The internets have been awash this week with the tale of Mohamed Hassan, a security researcher and founder of NetSec Consulting, who allegedly found keylogging software on two different new Samsung laptops.Keylogging software is used to remotely monitor activity on computers, and this particular version can also do screengrabs.

According to Mr Hassan (writing a guest post in NetworkWorld), he was setting up his newly purchased R525 Samsung laptop in February 2011, when he noticed his scan detected a commercial keylogger called StarLogger.

Mr Hussan says he cleaned the laptop after reaching the conclusion that it was installed by the manufacturer, and used the machine for a short period until it developed a fault, upon which he returned it to the store and exchanged it for a higher grade model.

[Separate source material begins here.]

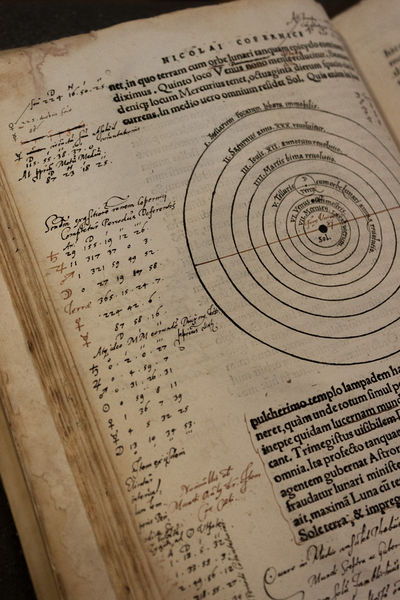 Soubor:Annotated copy of Nicolai Copernici's De revolutionibus orbium coelestrium (1543).jpg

While setting up the new machine, Mr Hussan reports his routine scan again found StarLogger software. He then apparently called Samsung Support on 1st March, who initially denied the presence of the software on the machine.

However, Mr Hussan reports that he eventually spoke with a supervisor who apparently said that Samsung knowingly put the software on the machines to

“monitor the performance of the machine and to find out how it is being used”.

Mr Hussan ends his piece by saying:

“Samsung’s conduct may be illegal; even if it is eventually ruled legal by the courts, the issue has legal, ethical, and privacy implications for both the businesses and individuals who may purchase and use Samsung laptops. Samsung could also be liable should the vast amount of information collected through StarLogger fall into the wrong hands”.

However, Samsung seemingly issued a statement yesterday, refuting that their laptops are shipped with a keylogger installed, and blaming the result on Mr Hussan’s software:

“The statements that Samsung installs keylogger on R525 and R540 laptop computers are false. Our findings indicate that the person mentioned in the article used a security program called VIPRE that mistook a folder created by Microsoft’s Live Application for a key logging software, during a virus scan.”

I don’t know if it is just me, but this story is causing my bullshit detector cynical side to go into overdrive.

Why would a security consultant continue to use a machine upon which he had found keylogger software?

I’m no tech expert (I can even break a Mac, I’m that speshul), but this chap is obviously an extremely bright expert in his field, looking at his LinkedIn profile. Why then did he not know that VIPRE could bring up false positives and mistake files?

Why would a member of Samsung staff confirm they do put such software on their machines? In fact, would a member of call centre staff know that, and know the alleged reason why?

Why is the denial posted on SamsungTomorrow, which is largely written in Korean, and not one on the English language sites? Is SamsungTomorrow even an official Samsung site? The Whois log is a touch unusual for a commercial site.

Since I started writing this piece there have been further developments. GIF, who make the VIRPE software, have issued an apology and said this was all their fault.

And finally, Samsung, in a different release to that above, have said they are investigating the matter. Why they are continuing to investigate after the makers of the software have come out and said mea culpa is anyone’s guess.

Two things are still bugging me. Was there a call to Samsung support and did a member of staff confirm the use of this software? And, if this is a false positive result, how come someone as eminently qualified as this chap didn’t pick that up before making what are pretty heavy accusations?